Tim Finn
Tim Finn is one of those rare New Zealand creatures - a living legend, an icon. From his days in Split Enz he is even part of that exclusive group, alongside pavlova and Phar Lap, to be “stolen” and claimed by Australia as one of their own. He sat down with Channel’s Michael Campbell to talk about his new album, tour and even a little mention for his favourite spot in the world.
Generations from grandparents down to the very young know and love Tim Finn’s songs. They embody and inspire nostalgia, life, love and longing, and for anyone travelling abroad, his lyrics conjure all the romance and memories of home.
Finn’s career has spanned near-on 40 years at the forefront of New Zealand music. From his earliest days in the great spectacle of madness, costumes, make-up and bizarre movement that was Split Enz, through a stint in forever favourites Crowded House and collaborations with his brother Neil as The Finn Brothers – well done if you were lucky enough to see them open the Rugby World Cup fan zone – to an impressive solo career.
His latest solo album – The View Is Worth The Climb – has just been released and The Music is Worthy the Career. It’s another solid performance from one of New Zealand’s most reliable songwriters, and holds its own against an impressive body of work and legacy.
“When I did the anthology double CD (North, South, East, West...Anthology, released 2009) it felt to me like that was the end of the cycle and I thought, well I’ve made eight solo albums and I did eight in Split Enz, so I thought I would just do more collaborative based work for a while,” says Finn as he’s about to begin his tour in support of the album. “The moment I really did decide to do that and let go of any notion of sitting around the piano or the guitar writing songs, I found myself doing exactly that: sitting around writing songs.”
“So there was something about that letting go that gets things moving in a strange way, but it has to be genuine.”
That was the beginning of the process to make The View, one which would take another year to develop, span two continents and involve a sort of back-and-forth collaboration between Finn and producer Jacquire King.
“I got a lot more momentum going for that once I contacted
my producer,” explains Finn. “I knew he had done the Kings of Leon record, which was out around this period and was all over
the radio, but I also knew he had done an album that we have in the house called Mule Variations, a Tom Waits album, and I
thought that’s an interesting journey that he’s been on, he’s
worked with an eclectic bunch of different artists.”
So Finn sent him an email to ask if he wanted to come down
to New Zealand and make an album.
King’s tight schedule prevented him from flying out to work on the album straight away, so the pair spent the next 12 months emailing ideas and demos back and forth, building a rapport.

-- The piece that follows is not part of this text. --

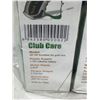 Image 2 : Golf Brush Club Care (2ct)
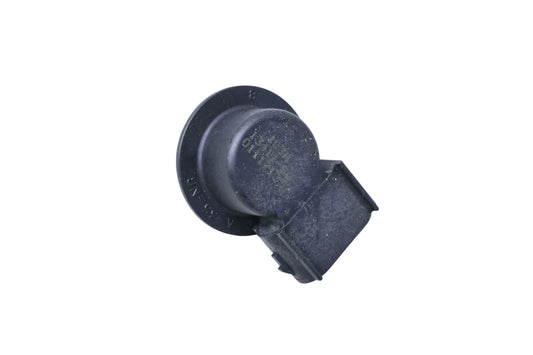 New OEM Ford 1L3Z-13411-BA Socket Assembly NOS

“That suited me fine because I didn’t want to rush and suddenly write songs, I wanted to just let them come up naturally from daily life and family life and friendships and all the daily ups and downs of that.”

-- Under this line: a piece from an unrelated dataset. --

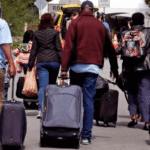 US Set to Deport 79 Nigerians Classified as ‘Worst-of-the-Worst’ Criminals (Full List)
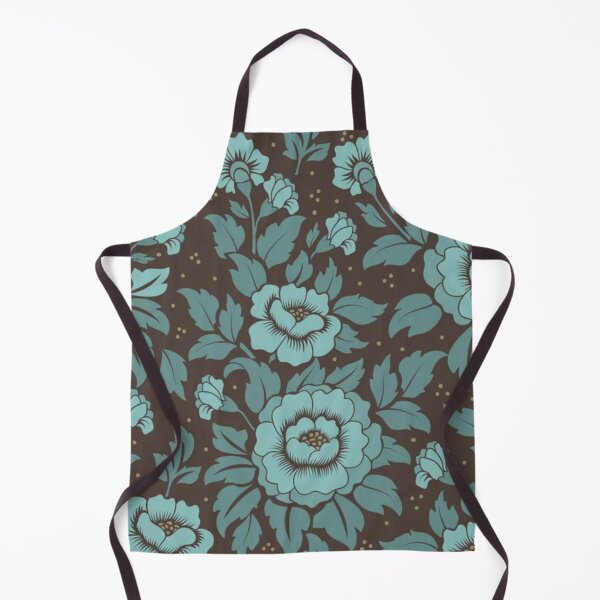 Item preview, flower pattern designed and sold by pksart1.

“Songs of friendships, of disappointment, encouragement and love,” these are some of the themes that Tim explores in his music.
“My best songs are about relationships,” he says. “Either relationships between me and a women I’m with, or now my wife, my kids, you know those kind of intimate relationships but also friendships – the degrees and dynamics of those. It’s an endless source of inspiration.”
He finds those human relationships to be an endless source of inspiration and he gets a lot out of them; song writing, for him, is a matter of finding new images and new ways of talking about it.
“Of course as you get older you see it differently.”
Following on from the anthology, it feels, for Finn himself, that the new album is being measured against the best of the last 35 years.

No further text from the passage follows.